More than three weeks after Hurricane Maria ripped through Puerto Rico, the situation remains bleak and dangerous for the infirm and the elderly. The island is running low on medicine. Many hospitals aren’t fully operational, and with the electrical grid practically wiped out, many are still running with backup generators.

Puerto Rico’s health care facilities clearly need more fuel and medicine than they are receiving, and those are shortfalls that the government and aid organizations should be able to make up. Even allowing for the difficulties in distribution, shortages of basic supplies should not be allowed to happen this many weeks after the storm.

An added danger is that accumulating trash, debris, and dead bodies on the streets are creating conditions for a major public health disaster:

Three weeks after Hurricane Maria devastated Puerto Rico, killing at least 44 people, Jose Vargas Vidot surveyed street after street lined with mounds of soaking garbage mixed with mud, trees and sometimes dead animals.

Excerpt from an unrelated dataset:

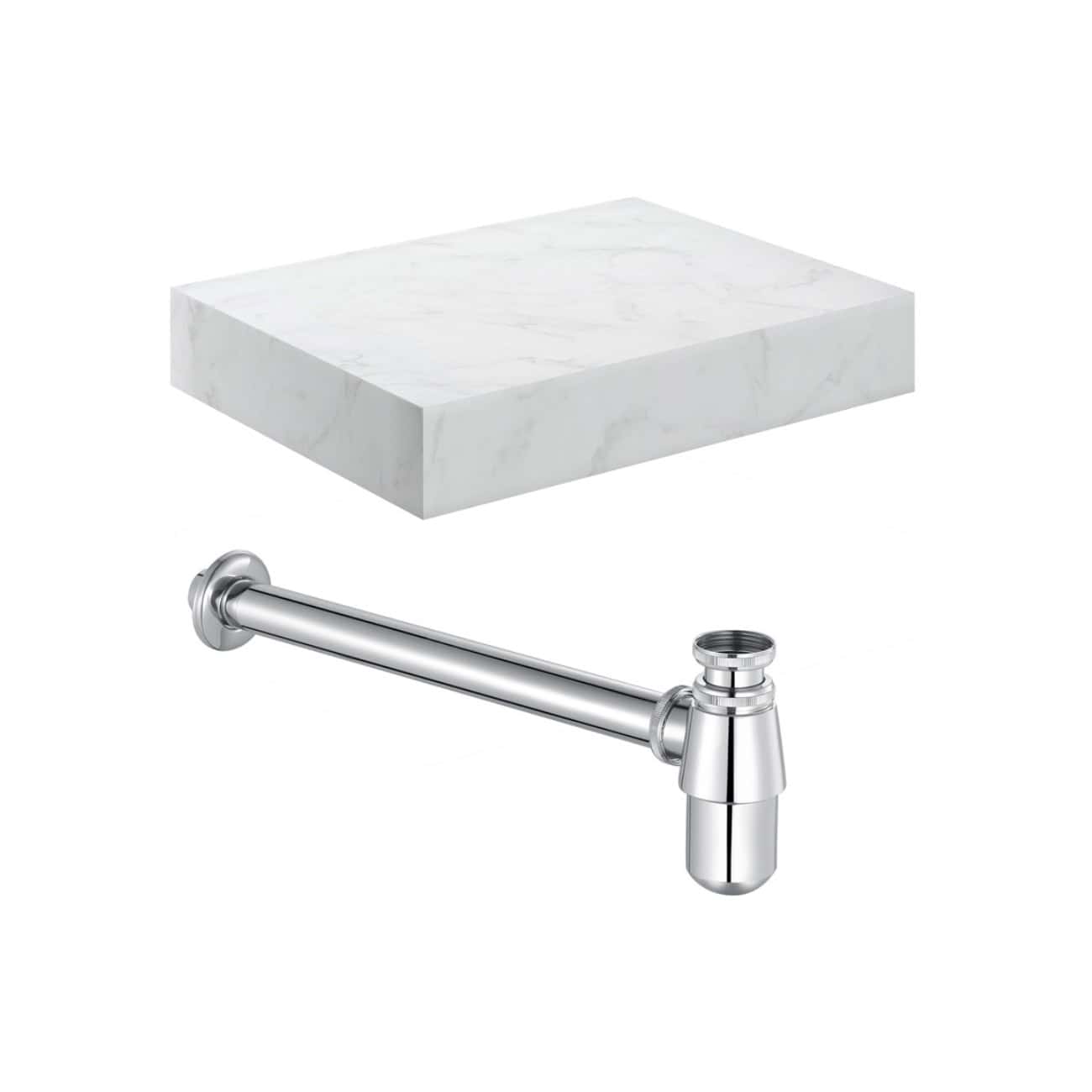 Silestone marble-effect bathroom shelf with chrome pipe support, designed for modern bathroom aesthetics. High-quality, stylish, and durable bathroom accessories for elegant spaces.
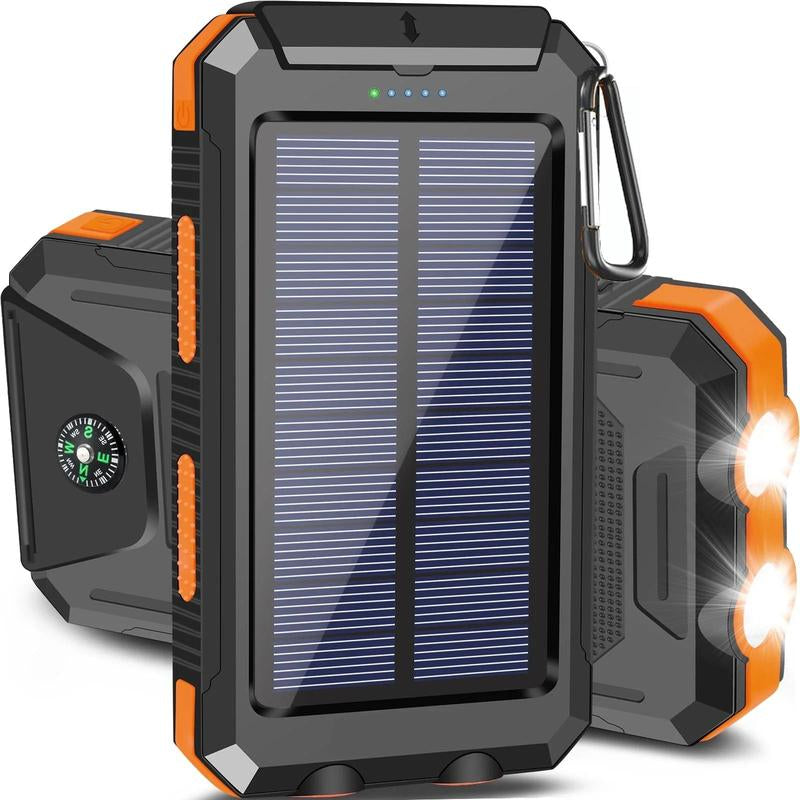 20000Mah Portable Solar Charger Power Bank with LED Flashlight - Dual USB-A Output, Waterproof Outdoor Design with Compass & Carabiner for Phone Android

You couldn’t make a better breeding ground for rats, roaches and all sorts of nasty diseases, the public health volunteer said. And every day the fetid piles stay there, the risk of an epidemic grows.

“We’re already building the next disaster,” he said.

When we combine this with the contamination of water sources and the lack of potable water for hundreds of thousands of people that I discussed yesterday, we have the makings of a very serious crisis. Puerto Rico still needs a great deal more assistance, and it will need that assistance for a long time to come.